Müftü Şık’ın açıklamasının en dikkat çeken kısmı, geçmiş dönemlerde yapılan teknik belgelerde “ağır hasar” ifadesinin doğrudan yer almamış olmasıydı. Şık, bu konuda şu bilgileri paylaştı:

“Şimdi, ağır hasar ifadesi önceki raporlarda geçmiyordu. Tetkiklere baktığımızda daha önce sadece ‘güçlendirme’ ya da ‘yeniden yapılması gerekebilir’ gibi ifadeşer vardı. Ancak daha sonra yapılan detaylı analizlerde ‘ağır hasar’ tespiti ortaya çıkınca, yıkım kararı da kaçınılmaz oldu.”

“Mevzuatlar her yıl değişiyor. Depremler oldukça yeni yönetmelikler hazırlanıyor. Mimarların, mühendislerin tavsiyeleri doğrultusunda yeni standartlar devreye giriyor. Belki eski mevzuata göre normal sayılabilecek bir yapı, bugünkü yönetmeliklere göre yetersiz kalıyor.”

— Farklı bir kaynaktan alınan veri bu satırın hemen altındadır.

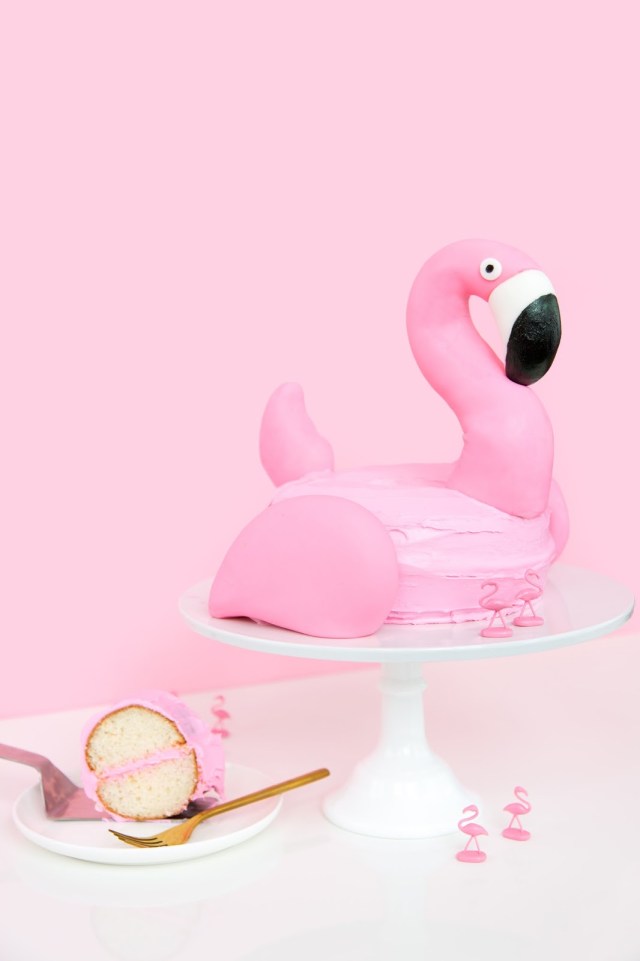 FlamingoPoolFloatCake-6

“BİLİMSEL VERİLER DOĞRULTUSUNDA KARAR VERDİK”

Caminin bazı kesimler tarafından “hala sağlam” olduğu yönündeki değerlendirmelere de değinen Şık, bu yorumların dikkate alınmadığını, bilimsel raporların esas alındığını söyledi:

“Elbette büyük bir cami olduğu için, sağlam olduğuna ilişkin görüşler de vardı. Farklı değerlendirmeler, fikirler ortaya çıkmıştı zamanında. Biz kimin ne dediğine bakmadan bilimsel analizlerle hareket ettik. Teknik veriler hasarlı olduğunu ortaya koydu. Biz de buna göre hareket ettik.”

“İlgili kurumlarla, mühendislerle, esnaflarla görüşerek süreci yürüttük. Bilimsel gerçekler doğrultusunda yıkım kararını aldık ve şu anda yıkım devam ediyor.”

ESNAFLAR NE YAPACAK?

Cami çevresindeki ticaret alanında bulunan 98 esnaf ise belirsizlik içinde. Müftülük, yeni yapılacak yapıda esnaflara tekrar dükkân verileceğini söylüyor. Ancak esnaflar bugüne kadar herhangi bir şeffaflığın olmadığını belirtiyor.